- **Given records**:
+ + +
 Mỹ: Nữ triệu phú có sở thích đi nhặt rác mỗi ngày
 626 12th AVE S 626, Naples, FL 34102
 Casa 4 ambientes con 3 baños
+ + +
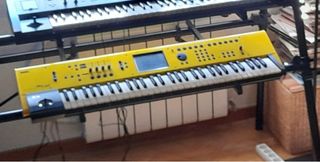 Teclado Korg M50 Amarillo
+ + +
- **Task brief**:
For this task, write out exactly the lines of the entries above, starting at the line with "Mỹ: Nữ triệu" and ending at the line with "Casa 4 ambientes con 3 baños", both included, and no others.

- **Written solution**:
 Mỹ: Nữ triệu phú có sở thích đi nhặt rác mỗi ngày
 626 12th AVE S 626, Naples, FL 34102
 Casa 4 ambientes con 3 baños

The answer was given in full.